A questa stregua, volgendo lo sguardo al trentennio trascorso, non pare azzardato sostenere che l’azione giudiziaria consentita dall’articolo 416 bis approvato nel 1982, abbia colpito con successo attività delittuose perseguite da comparti mafiosi, se non al tutto socialmente obsoleti e culturalmente residuali, per certo arretrati rispetto alle inedite e cospicue attività messe a punto ed elaborate dalla rinnovate pratiche e culture mafiose nell’ultimo trentennio. Rami se non secchi, destinati a inaridirsi per essere alimentati o da fonti in via d’esaurimento o, in ogni caso, inadeguate a fornire l’alimento richiesto dalle dimensioni delle nuove imprese avviate. Un intervento di potatura, diresti, lasciato dalla mafia alle mani dello Stato, che potrà vantarsene, presentandolo come l’ammirevole e meritoria sua guerra alla mafia, alla sua organizzazione ed ai suoi presunti capi che, finalmente assicurati alla giustizia, restringe inflessibile «all’interno di istituti a loro esclusivamente dedicati», come disposto dall’art. 41 bis.

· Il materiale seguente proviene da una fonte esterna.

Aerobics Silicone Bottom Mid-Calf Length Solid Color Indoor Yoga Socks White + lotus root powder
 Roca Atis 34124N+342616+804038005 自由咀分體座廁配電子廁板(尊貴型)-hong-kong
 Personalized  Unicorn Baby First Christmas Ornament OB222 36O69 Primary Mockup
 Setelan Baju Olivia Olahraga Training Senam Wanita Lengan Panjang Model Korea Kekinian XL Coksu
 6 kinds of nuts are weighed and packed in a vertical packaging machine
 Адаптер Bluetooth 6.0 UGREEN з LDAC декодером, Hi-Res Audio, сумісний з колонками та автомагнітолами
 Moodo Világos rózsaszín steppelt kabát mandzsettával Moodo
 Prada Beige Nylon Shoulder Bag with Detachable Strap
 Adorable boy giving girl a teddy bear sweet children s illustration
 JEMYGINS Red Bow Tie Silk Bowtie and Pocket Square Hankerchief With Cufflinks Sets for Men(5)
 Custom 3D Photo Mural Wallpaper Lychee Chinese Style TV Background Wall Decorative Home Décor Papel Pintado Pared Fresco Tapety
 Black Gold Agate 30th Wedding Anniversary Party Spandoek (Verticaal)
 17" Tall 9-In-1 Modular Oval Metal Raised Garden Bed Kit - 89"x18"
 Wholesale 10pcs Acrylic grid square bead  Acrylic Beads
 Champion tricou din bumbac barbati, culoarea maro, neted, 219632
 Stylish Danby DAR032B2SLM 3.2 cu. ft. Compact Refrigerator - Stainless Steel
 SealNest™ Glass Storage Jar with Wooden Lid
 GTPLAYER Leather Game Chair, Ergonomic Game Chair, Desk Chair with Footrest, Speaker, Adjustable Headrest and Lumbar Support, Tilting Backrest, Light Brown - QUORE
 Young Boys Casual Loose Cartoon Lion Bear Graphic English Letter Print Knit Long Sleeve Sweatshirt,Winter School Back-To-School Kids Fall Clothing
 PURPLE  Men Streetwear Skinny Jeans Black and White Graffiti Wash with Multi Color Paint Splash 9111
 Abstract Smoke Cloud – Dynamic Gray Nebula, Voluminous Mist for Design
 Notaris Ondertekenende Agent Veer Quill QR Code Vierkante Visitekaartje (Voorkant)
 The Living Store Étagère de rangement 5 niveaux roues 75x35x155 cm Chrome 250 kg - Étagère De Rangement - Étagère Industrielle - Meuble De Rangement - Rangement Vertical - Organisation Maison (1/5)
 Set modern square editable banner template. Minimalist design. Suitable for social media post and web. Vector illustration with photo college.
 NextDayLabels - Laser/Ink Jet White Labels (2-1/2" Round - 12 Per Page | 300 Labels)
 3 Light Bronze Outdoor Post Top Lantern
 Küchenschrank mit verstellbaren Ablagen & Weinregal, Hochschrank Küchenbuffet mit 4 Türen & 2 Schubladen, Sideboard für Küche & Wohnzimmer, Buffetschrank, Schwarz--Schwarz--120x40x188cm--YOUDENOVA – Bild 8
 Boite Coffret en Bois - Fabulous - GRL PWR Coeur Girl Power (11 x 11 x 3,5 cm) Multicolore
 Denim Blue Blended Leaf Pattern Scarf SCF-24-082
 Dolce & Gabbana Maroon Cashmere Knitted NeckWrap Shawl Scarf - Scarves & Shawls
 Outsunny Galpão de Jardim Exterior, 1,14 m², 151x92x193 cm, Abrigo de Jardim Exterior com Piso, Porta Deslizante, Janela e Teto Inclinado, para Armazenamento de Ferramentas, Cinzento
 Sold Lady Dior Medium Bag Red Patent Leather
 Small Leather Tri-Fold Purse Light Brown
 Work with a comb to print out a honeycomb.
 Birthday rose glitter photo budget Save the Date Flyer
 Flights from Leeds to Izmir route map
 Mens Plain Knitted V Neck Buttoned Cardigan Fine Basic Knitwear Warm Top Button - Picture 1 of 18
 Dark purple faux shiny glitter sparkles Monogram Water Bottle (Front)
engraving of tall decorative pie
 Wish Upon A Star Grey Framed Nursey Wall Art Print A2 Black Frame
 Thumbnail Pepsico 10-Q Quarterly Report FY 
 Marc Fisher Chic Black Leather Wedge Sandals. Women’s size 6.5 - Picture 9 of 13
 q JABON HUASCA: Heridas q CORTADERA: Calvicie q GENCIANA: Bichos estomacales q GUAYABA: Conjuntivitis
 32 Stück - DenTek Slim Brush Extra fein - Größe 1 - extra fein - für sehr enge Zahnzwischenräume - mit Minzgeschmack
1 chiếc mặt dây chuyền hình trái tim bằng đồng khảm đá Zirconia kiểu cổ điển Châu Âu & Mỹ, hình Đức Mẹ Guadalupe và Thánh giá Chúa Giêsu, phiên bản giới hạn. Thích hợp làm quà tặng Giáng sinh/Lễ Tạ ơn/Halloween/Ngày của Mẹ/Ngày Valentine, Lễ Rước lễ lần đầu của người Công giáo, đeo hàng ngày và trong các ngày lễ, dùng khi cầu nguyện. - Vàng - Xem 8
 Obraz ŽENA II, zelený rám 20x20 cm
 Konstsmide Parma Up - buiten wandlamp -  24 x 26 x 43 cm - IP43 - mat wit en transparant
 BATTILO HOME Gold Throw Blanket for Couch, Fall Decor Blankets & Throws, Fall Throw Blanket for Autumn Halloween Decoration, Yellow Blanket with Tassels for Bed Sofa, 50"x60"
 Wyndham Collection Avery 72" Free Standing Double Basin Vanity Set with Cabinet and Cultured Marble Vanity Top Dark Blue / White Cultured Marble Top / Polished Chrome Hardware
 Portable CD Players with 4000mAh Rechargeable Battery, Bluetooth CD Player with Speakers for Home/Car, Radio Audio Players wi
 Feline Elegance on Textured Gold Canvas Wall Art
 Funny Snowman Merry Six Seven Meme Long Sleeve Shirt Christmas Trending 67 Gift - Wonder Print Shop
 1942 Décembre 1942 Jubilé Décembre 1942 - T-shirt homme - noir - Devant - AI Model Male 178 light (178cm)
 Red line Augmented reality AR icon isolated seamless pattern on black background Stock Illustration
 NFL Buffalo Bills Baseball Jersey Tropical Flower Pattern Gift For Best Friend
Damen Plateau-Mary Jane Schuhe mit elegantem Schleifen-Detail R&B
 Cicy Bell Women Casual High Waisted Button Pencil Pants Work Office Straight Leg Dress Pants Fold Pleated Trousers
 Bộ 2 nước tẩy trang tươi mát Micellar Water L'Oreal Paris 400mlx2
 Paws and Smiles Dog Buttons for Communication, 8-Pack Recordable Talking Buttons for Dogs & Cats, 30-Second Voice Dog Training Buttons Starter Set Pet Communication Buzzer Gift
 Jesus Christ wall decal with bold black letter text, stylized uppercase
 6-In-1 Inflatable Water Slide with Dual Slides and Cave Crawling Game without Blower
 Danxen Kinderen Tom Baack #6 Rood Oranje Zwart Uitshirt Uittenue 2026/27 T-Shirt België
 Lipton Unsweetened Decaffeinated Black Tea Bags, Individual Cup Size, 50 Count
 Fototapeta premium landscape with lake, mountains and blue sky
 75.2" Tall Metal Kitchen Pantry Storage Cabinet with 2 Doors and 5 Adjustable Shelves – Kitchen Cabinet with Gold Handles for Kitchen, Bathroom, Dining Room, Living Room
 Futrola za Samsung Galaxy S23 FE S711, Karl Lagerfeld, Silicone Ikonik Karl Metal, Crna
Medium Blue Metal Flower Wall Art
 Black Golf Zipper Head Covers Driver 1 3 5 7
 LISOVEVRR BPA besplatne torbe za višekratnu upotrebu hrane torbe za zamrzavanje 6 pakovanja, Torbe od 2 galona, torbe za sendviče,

Scrive Renda che, diversamente, «i problemi da affrontare e risolvere sono il diffuso consenso e la rete di connivenze, di aiuti e di protezione che consentono alla criminalità organizzata di sviluppare la sua attività delittuosa e di resistere all’azione giudiziaria e all’usura del tempo». E continua, non nascondendosi che «un’opera del genere è assai vasta e complessa, e non è fattibile in breve tempo. Occorrono i provvedimenti legislativi e talune riforme della pubblica amministrazione, ma soprattutto è indispensabile una diffusa educazione civica, un impegno etico-politico, una nuova maniera di concepire i rapporti fra Stato, classi dirigenti e società civile». Una nuova maniera opposta all’usata maniera, storicamente consolidata.

Riflettevo, nella nota apparsa la scorsa settimana in questa rubrica, sulla natura (che la maniera ne stabilisce) degli attuali rapporti tra Stato e mafia «da intendersi, scrivevo, come relazioni determinate, operanti e attive nella fibra interna dell’organismo sociale e della sua crescita, non estranei all’assetto istituzionale, compresi nell’impianto statuale», riflessione svolta in sintonia con quanto Renda afferma relativamente alla liberazione dello Stato da tali rapporti che, dice, va intesa «come un’autoliberazione». A ragione dunque Renda indica la necessità di condurre una adeguata lotta alla mafia come la concertazione di un’azione politica allo stato puro.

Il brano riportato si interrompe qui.